1. Stereotype sind nichts, was man sich selbst auferlegt, zumindest nicht primär. Sie entstehen in der Fremdwahrnehmung und werden dort geformt. Deine Rolle als Betroffener ist höchstens eine reagierende oder schwach beeinflussende.
2. Meinungen entstehen diskursiv, d.h. um sich überhaupt eine bilden zu können, bedarf es einen gewissen Inputs. Den wählt man aus und das zieht Folgen nach sich. Kausalität.

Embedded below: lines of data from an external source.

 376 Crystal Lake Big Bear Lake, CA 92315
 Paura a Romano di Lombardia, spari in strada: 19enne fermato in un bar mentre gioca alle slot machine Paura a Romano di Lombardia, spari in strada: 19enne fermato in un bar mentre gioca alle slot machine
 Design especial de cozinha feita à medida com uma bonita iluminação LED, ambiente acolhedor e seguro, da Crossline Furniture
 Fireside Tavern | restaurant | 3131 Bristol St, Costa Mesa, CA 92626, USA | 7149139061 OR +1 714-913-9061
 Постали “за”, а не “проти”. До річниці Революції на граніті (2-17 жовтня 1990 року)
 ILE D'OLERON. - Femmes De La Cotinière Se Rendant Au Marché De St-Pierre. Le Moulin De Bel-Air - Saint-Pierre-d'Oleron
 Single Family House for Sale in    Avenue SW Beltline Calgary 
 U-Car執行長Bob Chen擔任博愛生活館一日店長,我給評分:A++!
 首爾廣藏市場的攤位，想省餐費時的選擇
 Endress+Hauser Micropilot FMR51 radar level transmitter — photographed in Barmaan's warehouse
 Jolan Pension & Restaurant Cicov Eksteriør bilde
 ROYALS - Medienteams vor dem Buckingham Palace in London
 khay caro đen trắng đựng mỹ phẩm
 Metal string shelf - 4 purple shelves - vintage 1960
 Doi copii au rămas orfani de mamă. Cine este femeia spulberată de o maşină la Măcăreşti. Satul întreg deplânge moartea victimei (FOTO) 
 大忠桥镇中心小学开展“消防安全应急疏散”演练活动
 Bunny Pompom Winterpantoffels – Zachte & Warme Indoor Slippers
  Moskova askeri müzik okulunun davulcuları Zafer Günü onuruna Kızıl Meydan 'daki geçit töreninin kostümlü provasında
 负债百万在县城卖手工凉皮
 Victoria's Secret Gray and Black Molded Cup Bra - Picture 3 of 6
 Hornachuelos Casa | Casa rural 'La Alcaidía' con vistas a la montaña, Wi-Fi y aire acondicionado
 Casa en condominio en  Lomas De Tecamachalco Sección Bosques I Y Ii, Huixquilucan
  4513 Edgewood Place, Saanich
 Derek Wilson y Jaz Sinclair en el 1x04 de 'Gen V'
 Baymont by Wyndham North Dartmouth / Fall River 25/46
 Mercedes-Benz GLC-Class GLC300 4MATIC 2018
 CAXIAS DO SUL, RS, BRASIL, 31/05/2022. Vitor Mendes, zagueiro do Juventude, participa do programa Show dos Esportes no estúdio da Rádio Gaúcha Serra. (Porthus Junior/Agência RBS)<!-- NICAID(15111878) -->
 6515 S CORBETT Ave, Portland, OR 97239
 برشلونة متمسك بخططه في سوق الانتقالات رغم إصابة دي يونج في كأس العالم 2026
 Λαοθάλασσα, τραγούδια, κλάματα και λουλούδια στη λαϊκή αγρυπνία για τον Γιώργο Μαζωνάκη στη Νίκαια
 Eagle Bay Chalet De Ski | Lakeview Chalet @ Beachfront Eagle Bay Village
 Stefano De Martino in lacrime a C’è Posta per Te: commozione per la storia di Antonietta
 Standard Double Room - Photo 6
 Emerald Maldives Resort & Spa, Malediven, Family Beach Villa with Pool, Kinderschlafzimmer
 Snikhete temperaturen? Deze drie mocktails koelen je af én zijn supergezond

Selbst der FOX-News-Anhänger, der den ganzen Tag ausschließlich und nur vor der Glotze hängt und Potenzpillen, Schlankmacher und Heimfitnessgeräte bestellt, ist systemisch gesehen aktiv. Bei einem Einzelfall mag die Bedeutung gering sein, wenn jeder zweite US-Bürger das tut, hat das natürlich größeren Einfluss auf die öffentliche Meinung und noch viel mehr darüber hinaus. Auch Unterlassen ist ein Tun.
Das mit dem "gezielt Auswählen" und den vergeudeten 60% möchte ich gerne erklärt haben, da ich mir bisher keinen Reim auf das Gemeinte machen konnte.